Single-blind experiment
An experiment in which the subjects do not know which treatment they received but the individuals measuring the response do know which treatment was received, or an experiment in which the subjects do know which treatment they received but the individuals measuring the response do not know which treatment was received.
Double-blind experiment
An experiment in which neither the subjects nor the individuals who measure the response know which treatment was received.
Simple Random Sample
Sampling method where 1) every set of n units of the population has same chance of being sampled and 2) selections are independent
typically generated in R with sample()
Sampling with/without replacement
Sampling without replacement: Selecting units so that once a unit is chosen it cannot be chosen again (common in SRS).
Sampling with replacement: Selecting units where chosen units are put back and can be selected again.
R example. SRS: sample(1:103, 11) picks 11 unique integers from 1 to 103 (SRS without replacement).
Pros/cons of SRS
Simple to analyze; equal chance for each unit; conceptually straightforward.
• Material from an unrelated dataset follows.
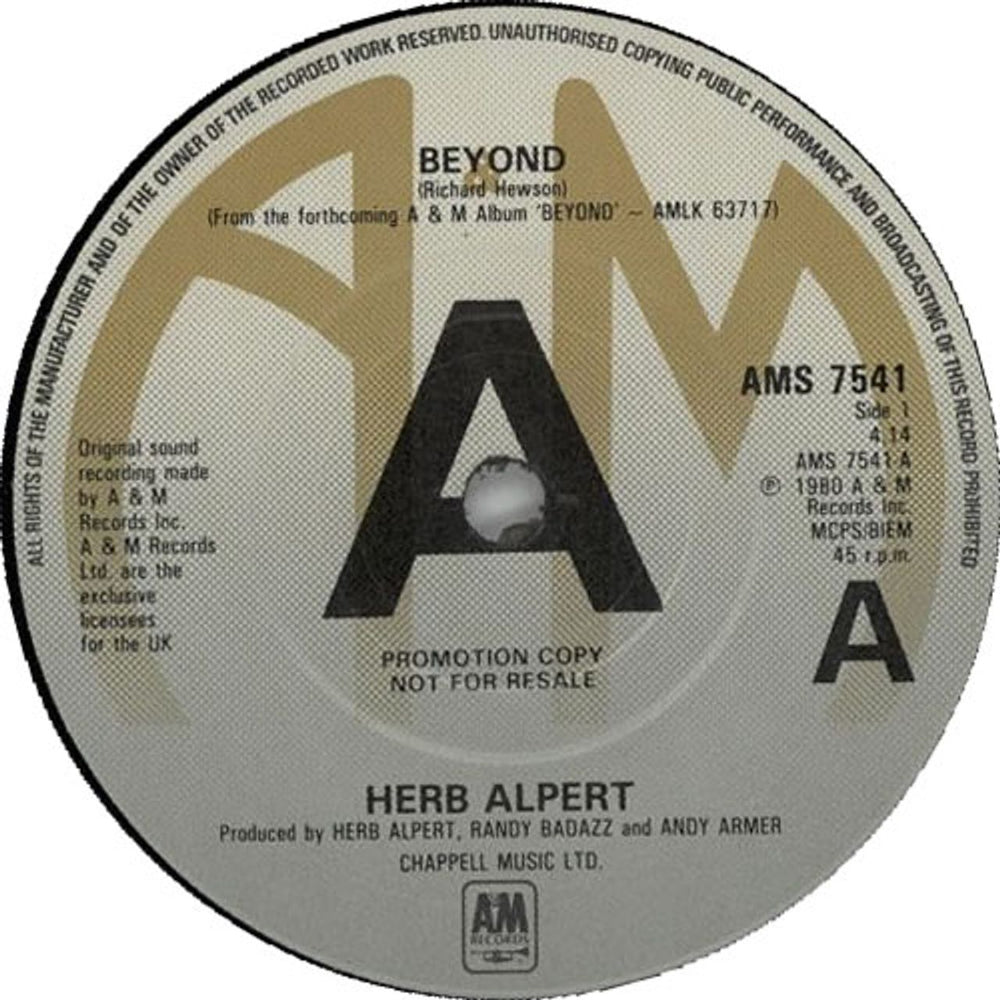 Herb Alpert Beyond - A-Label - P/S UK Promo 7" vinyl single (7 inch record / 45) HBA07BE635839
Can be costly or logistically hard; may still give high variability or unbalanced samples by chance.
Observational study
A study where the researcher does not control exposures/treatments; they observe naturally occurring conditions—harder to establish causality bc of confounding variables.
Experiment
Study where researcher applies treatments under controlled conditions & randomizes assignments to evaluate causal effects
Response variable
Main outcome measured in a study; dependent variable (ie. amount of bacteria)
Treatment (factor)
A condition applied in an experiment (ie. packaging conditions: a, b, c, d)
Experimental unit
The physical entity to which a treatment is assigned (the unit of randomization).